Aim of the task:
Retype the lines from the one containing "Lead - Snoopy" through the last line of the entries below, exactly and in full, omitting every image.

┄┄┄┄┄┄

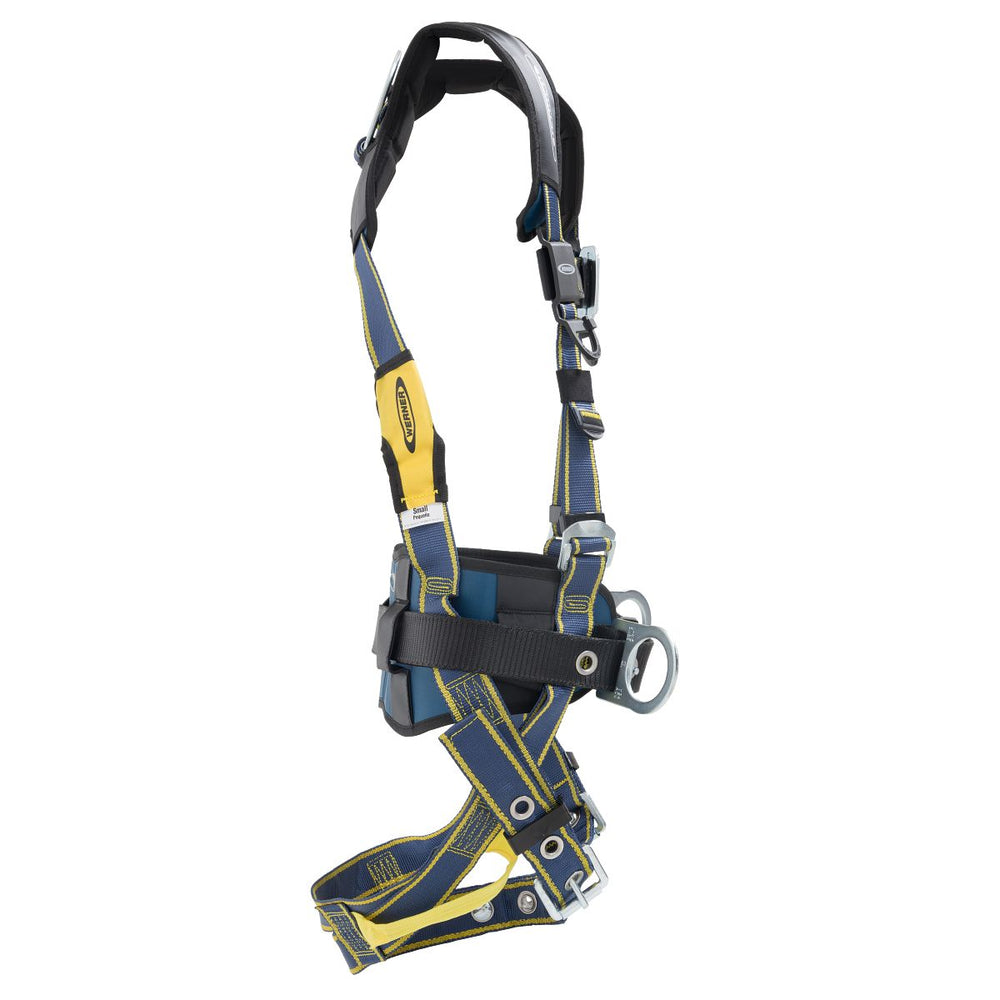 Werner Ladder black auto part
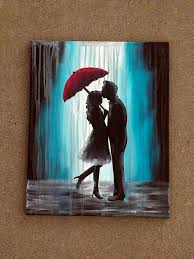 Canvas Painting Ideas For Living Room I Should Paint This Canvas Painting Art Painting Art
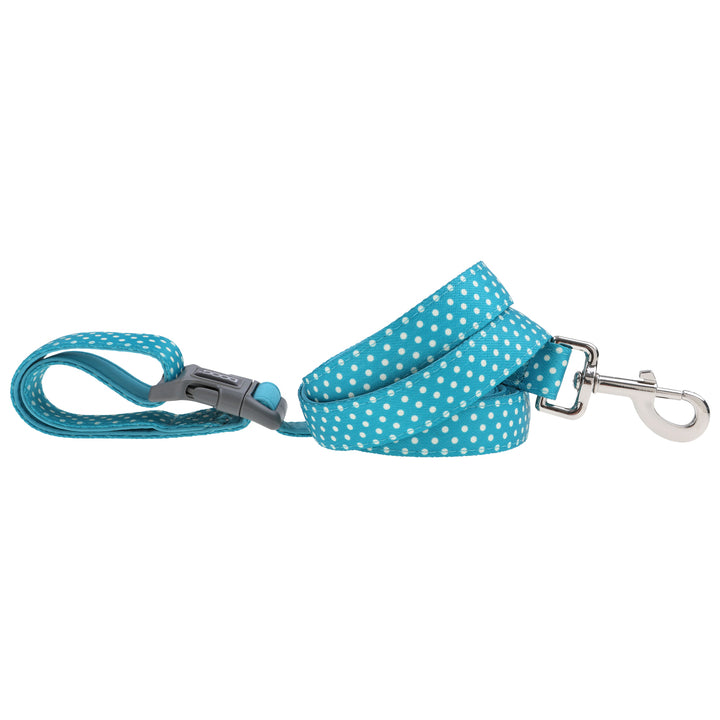 'Clip It' Neoprene Dog Lead - Snoopy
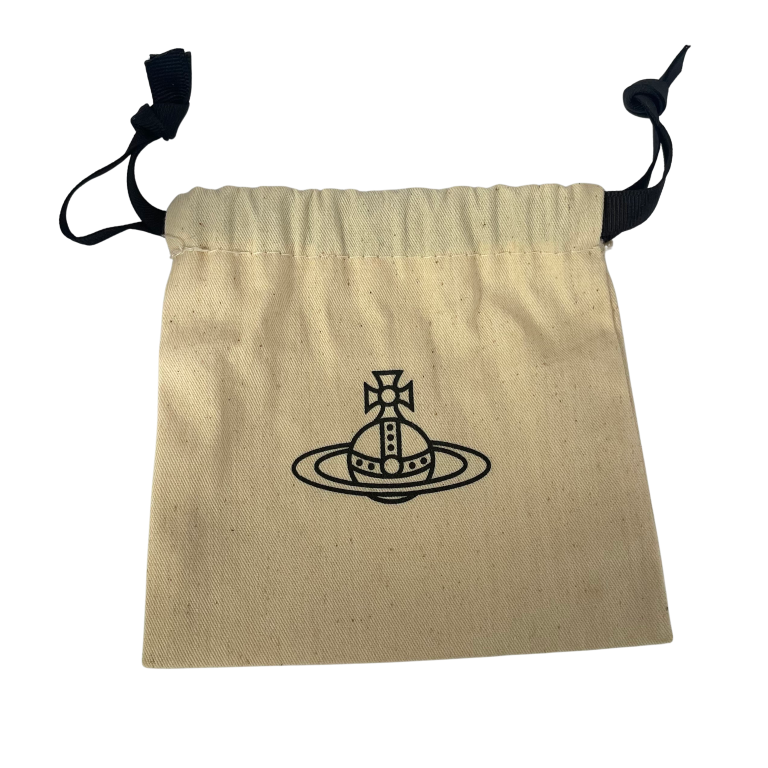 Vintage Vivienne Westwood Rare Goldfish Pendant Necklace, 2010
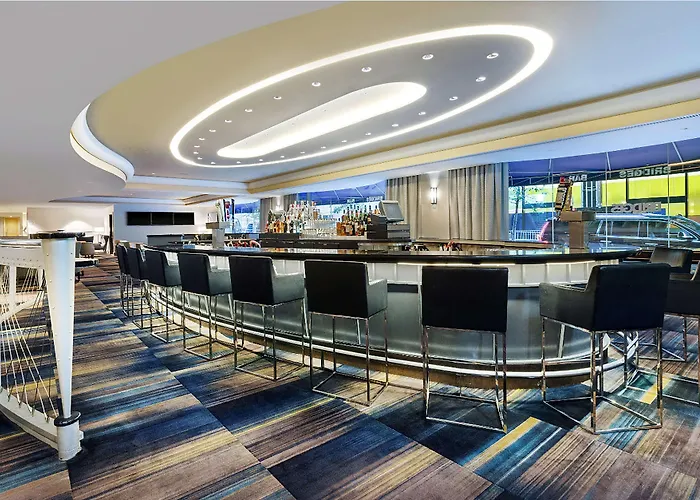 Hilton Club New York Hotell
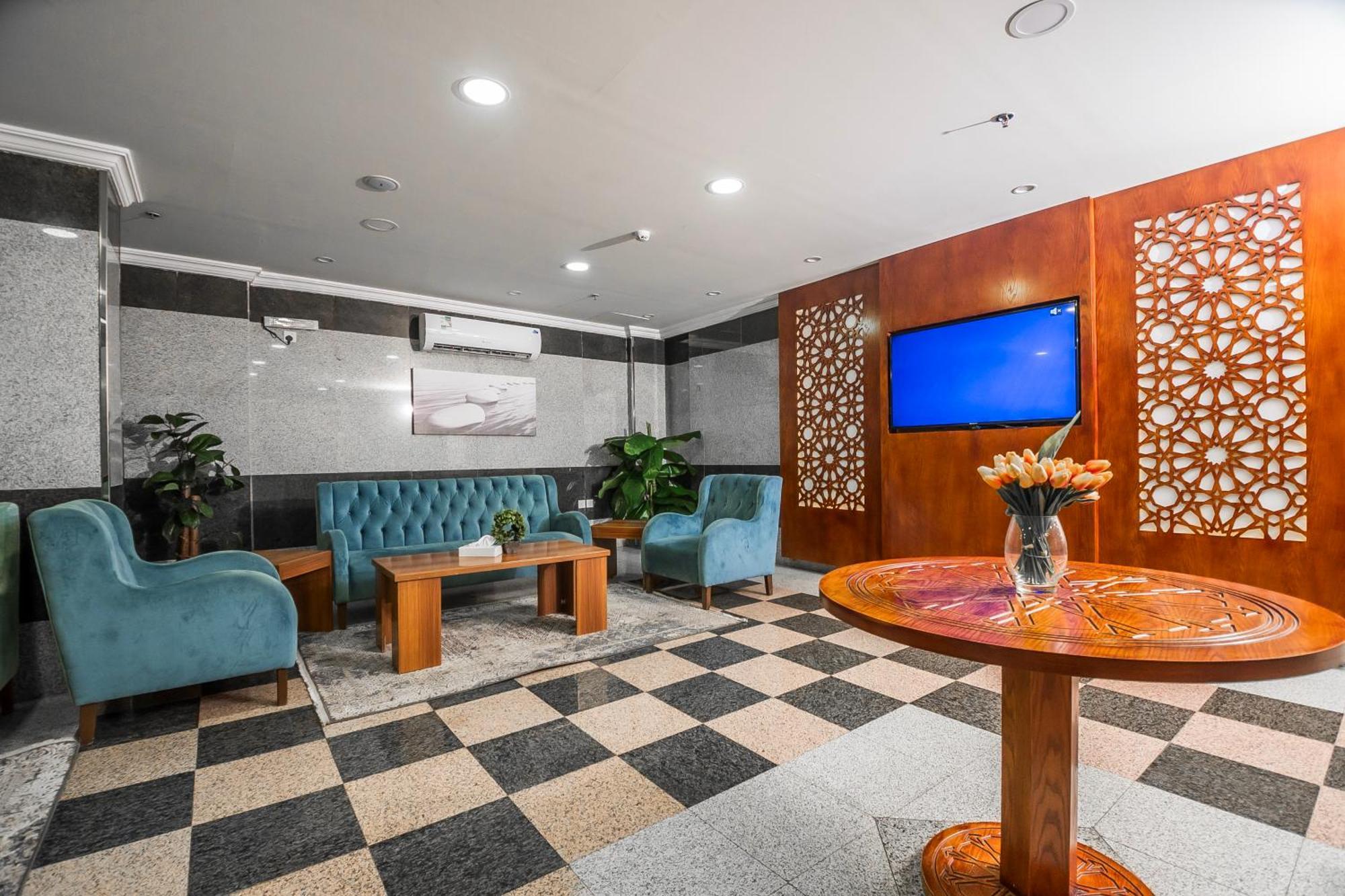 Apartament انوار احد Medyna Zewnętrze zdjęcie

┄┄┄┄┄┄

Task response:
 'Clip It' Neoprene Dog Lead - Snoopy
 Vintage Vivienne Westwood Rare Goldfish Pendant Necklace, 2010
 Hilton Club New York Hotell
 Apartament انوار احد Medyna Zewnętrze zdjęcie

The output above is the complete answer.